#### Dataset records

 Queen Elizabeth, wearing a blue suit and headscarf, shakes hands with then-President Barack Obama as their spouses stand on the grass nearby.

########
#### Dataset records

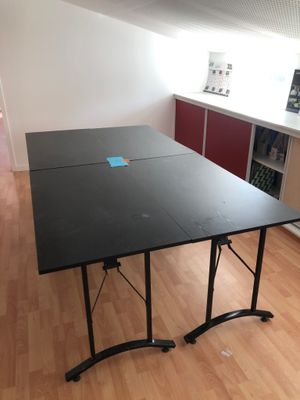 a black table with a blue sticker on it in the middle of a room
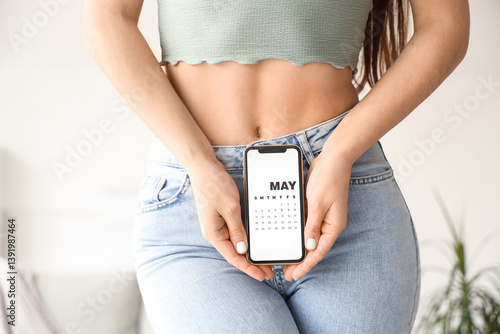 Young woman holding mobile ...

########
#### Dataset records

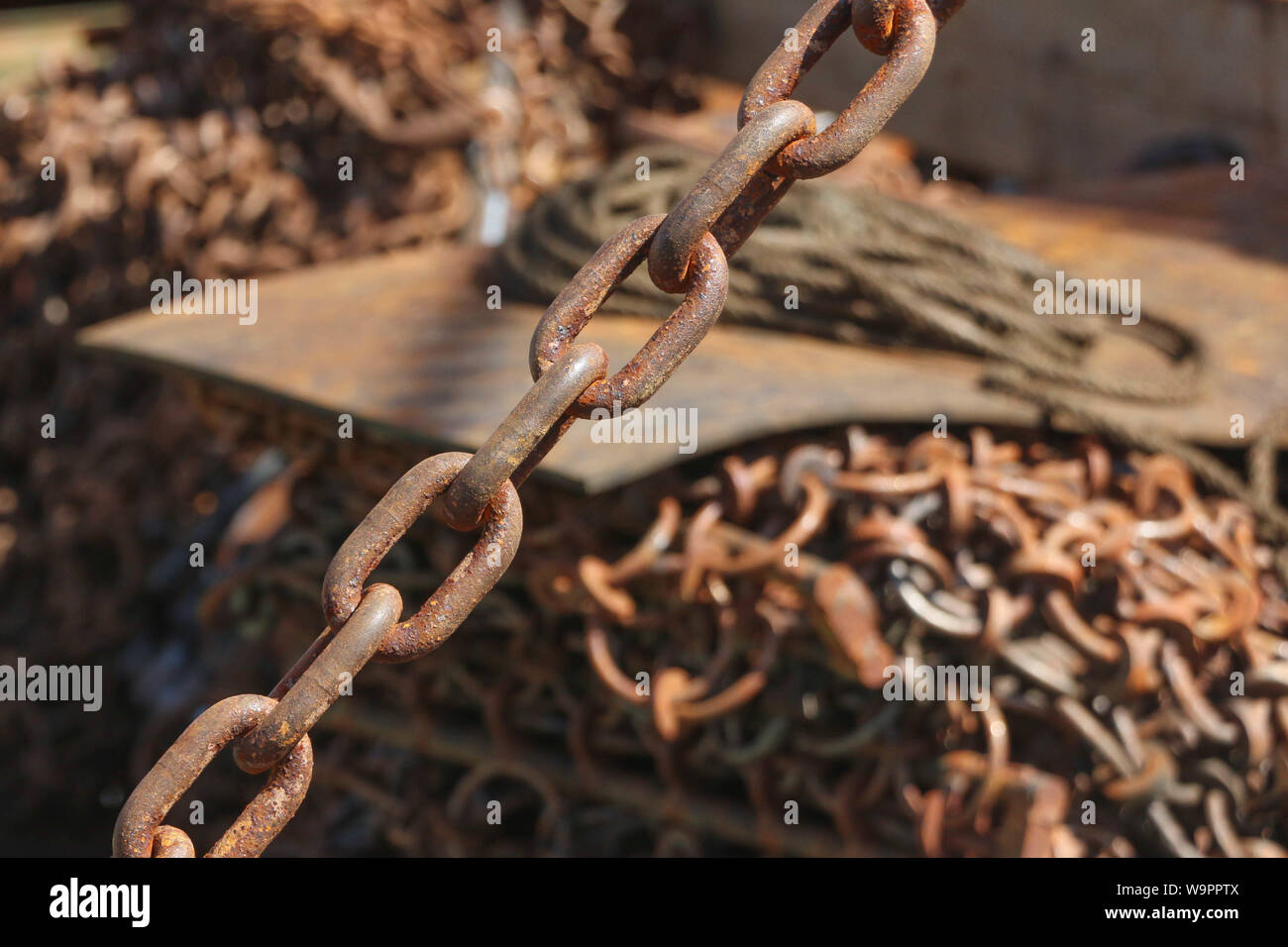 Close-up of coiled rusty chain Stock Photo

########

- What to work on -
Among the entries above, copy exactly the stretch from the line holding "a black table" through the line holding "Young woman holding mobile ...", leaving out any pictures.

- Task result -
 a black table with a blue sticker on it in the middle of a room
 Young woman holding mobile ...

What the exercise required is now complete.